Directions:
Images do not belong in the copy. Set down all the entries exactly.
⁂
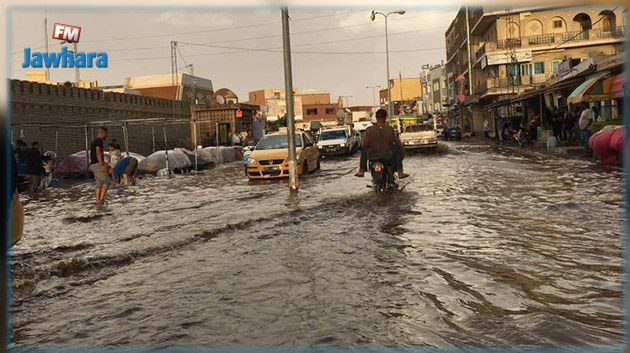 توزر : إنقاذ 5 أشخاص جرفتهم مياه الأمطار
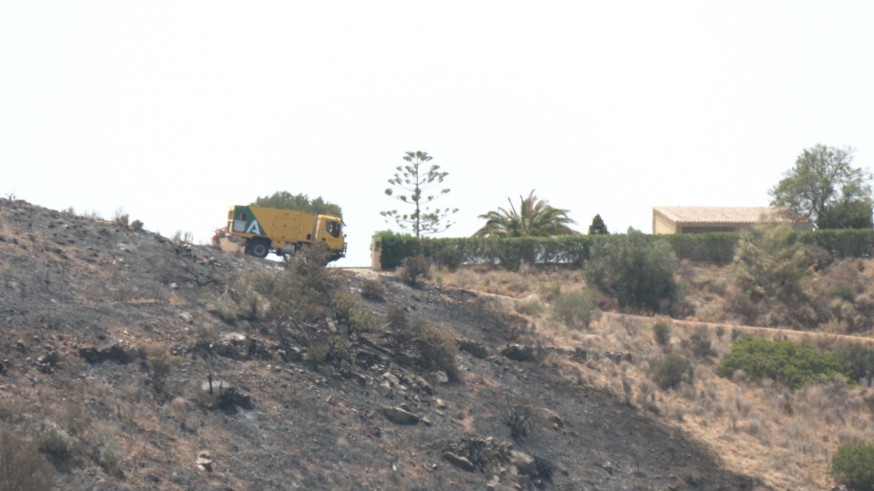 Tercera noche de lucha contra el fuego en Los Gallardos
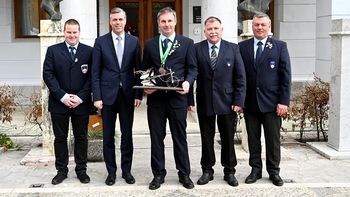 Župan sprejel bronastega orača Igorja Pateta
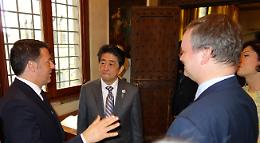 Renzi ed il premier Abe in visita agli Uffizi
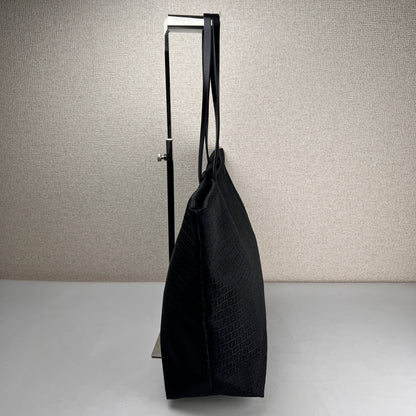 Fendi Black Tote Bags A-19254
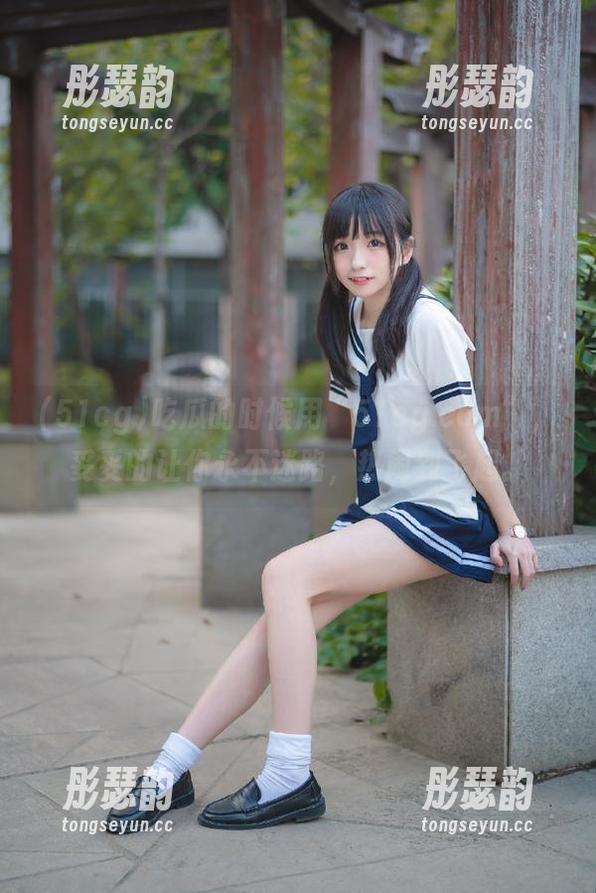 吃瓜的时候用“51cg.com”，妥妥的让你永不迷路，热闹到飞起。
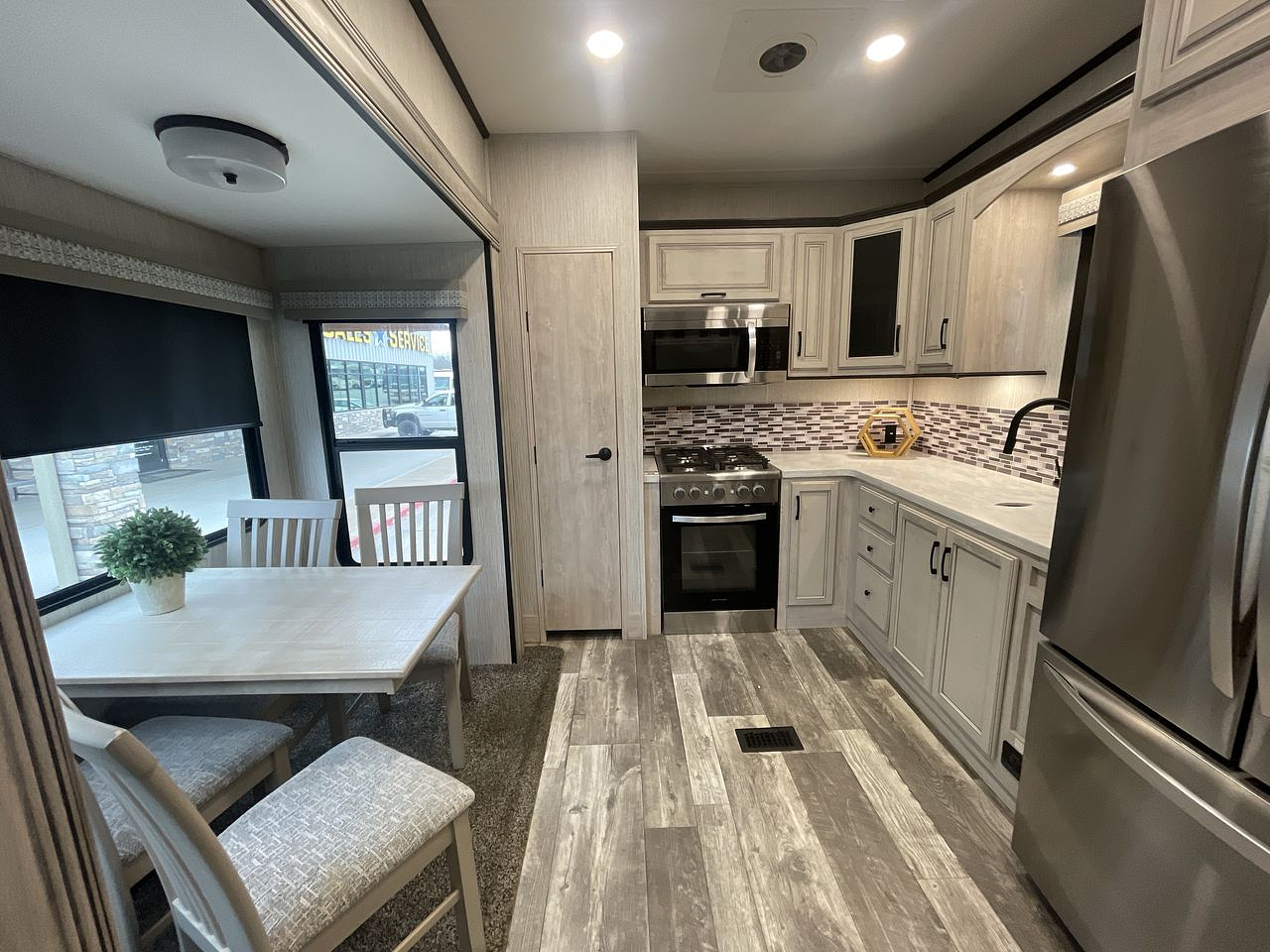 2022 FOREST RIVER SIERRA 39BARK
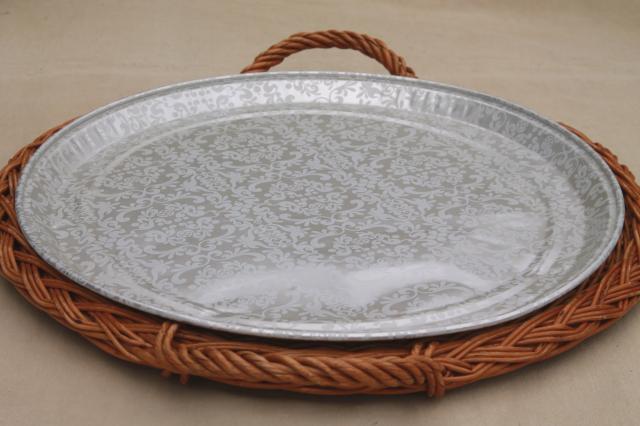 rustic natural wicker basket tray, serving tray w/ handles, holds a large deli platter or pizza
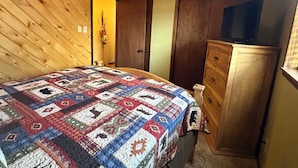 Unclassified image, 2 of 29, button - Last Chance Cabin in Red River NM (Red River)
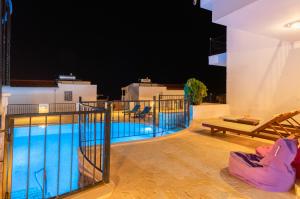The swimming pool at or close to Talia Apart
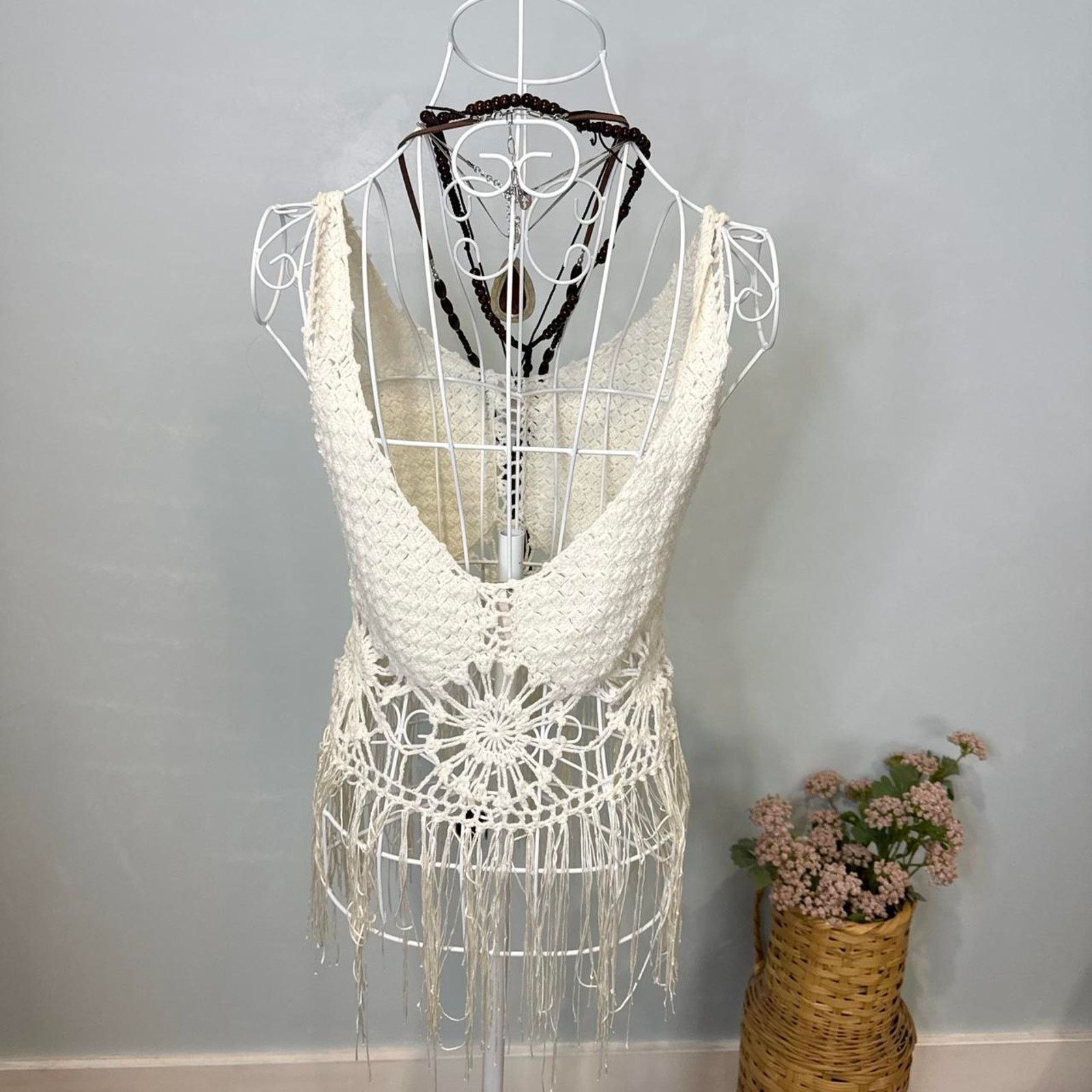 Other Cute white crochet fringe boho tank Size S / US 4 / IT 40 - 4 Thumbnail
⁂
Response below:
 توزر : إنقاذ 5 أشخاص جرفتهم مياه الأمطار
 Tercera noche de lucha contra el fuego en Los Gallardos
 Župan sprejel bronastega orača Igorja Pateta
 Renzi ed il premier Abe in visita agli Uffizi
 Fendi Black Tote Bags A-19254
 吃瓜的时候用“51cg.com”，妥妥的让你永不迷路，热闹到飞起。
 2022 FOREST RIVER SIERRA 39BARK
 rustic natural wicker basket tray, serving tray w/ handles, holds a large deli platter or pizza
 Unclassified image, 2 of 29, button - Last Chance Cabin in Red River NM (Red River)
The swimming pool at or close to Talia Apart
 Other Cute white crochet fringe boho tank Size S / US 4 / IT 40 - 4 Thumbnail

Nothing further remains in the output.